When it comes to compiling the Linux kernel in a default x86_64 build, the results were basically split right down the middle. The default high performance mode, maximum I/O performance, and balanced memory performance all delivered similar build speeds. The balanced core memory performance, balanced core performance, and efficiency mode were meanwhile all grouped together and much slower than the other Power Profile configurations.
On a performance-per-Watt basis the different configurations leveled out more but at least for a Linux kernel build test the default behavior was tied with others for offering optimal efficiency on this Supermicro EPYC server.
When it came to compiling the LLVM compiler stack with the Ninja build system, the efficiency mode was yielding the slowest build speed but having a narrow lead in delivering the best power efficiency of the tested options.
It was a similar situation with the Node.js compilation with the efficiency mode indeed yielding the best efficiency for each build.
With some simple testing of the Nginx HTTPS web server, the Maximum I/O Performance power profile yielded slightly better performance than the default High Performance Mode. The Efficiency Mode had a small lead in delivering the best performance-per-Watt.
The PostgreSQL database server is one of the workloads where with ACPI CPUFreq there is a big difference between the performance and schedutil CPU frequency scaling governors.
For Memcached workloads here are the numbers for trading some performance for the best performance-per-Watt in the Efficiency Mode.

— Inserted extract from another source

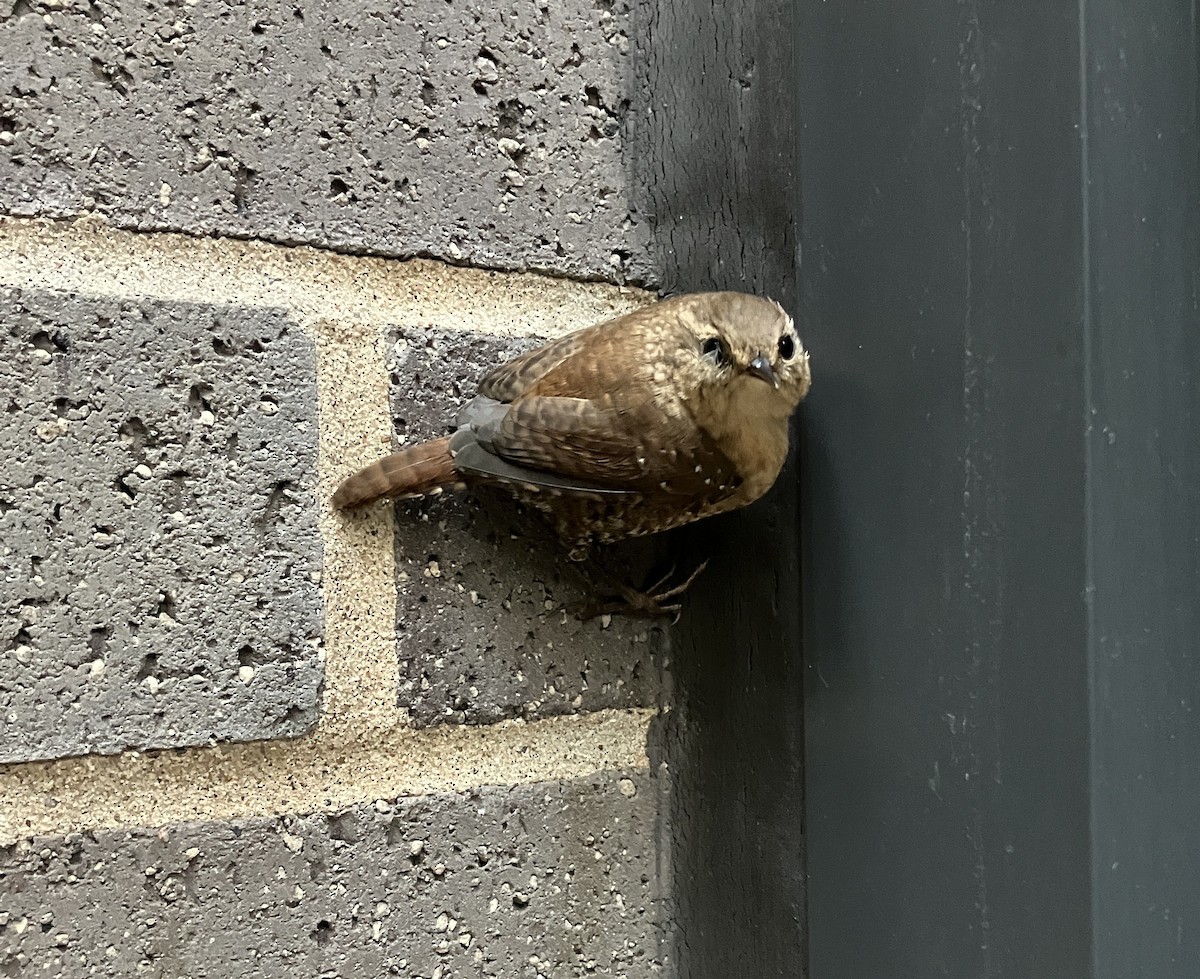 Winter Wren - ML644039242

For the MariaDB database server, the performance governor with ACPI CPUFreq is very important. Here the balanced memory, maximum I/O performance, and default modes all yielded similar performance.
For those that may have been curious about the impact of the Power Profile Selection tunable on AMD EPYC 9005 series processors, hopefully this testing proved insightful.
Those wanting to see even more data from more than 170 benchmarks ran for this comparison, see this result file page for all of the raw data I collected during this round of benchmarking on the EPYC 9655 + Supermicro H13SSL-N server.
When taking the geometric mean of all the raw performance results, the default “high performance” power profile yielded the best performance with the ACPI CPUFreq performance governor. That though shouldn’t be much of a surprise. Running in the Efficiency Mode with the ACPI CPUFreq schedutil configuration led to 75% the performance overall of the defaults.
Here is a look at the AC “wall” system power consumption of this EPYC Turin 1P server across all of the benchmarks conducted. The total server power consumption was 70% that of the highest Balanced Memory Performance mode.
The CPU power consumption in the Efficiency Mode was at 64% the highest average, which is a significant savings while enjoying ~75% the performance.
For those curious what the peak CPU frequency looked like across the duration of all the benchmarks conducted.
Going in-step with the power savings, the CPU thermals were also lower in the Efficiency Mode and other tuned Power Profile states.
That’s the breakdown of data for those curious about AMD EPYC Turin with the Power Profile Selection options and using the ACPI CPUFreq driver. Again if you want to see even more workloads covered, there are 170+ benchmarks via this result file with all of the raw data collected. See last week’s article for numbers with AMD P-State using completely different processors and server platform.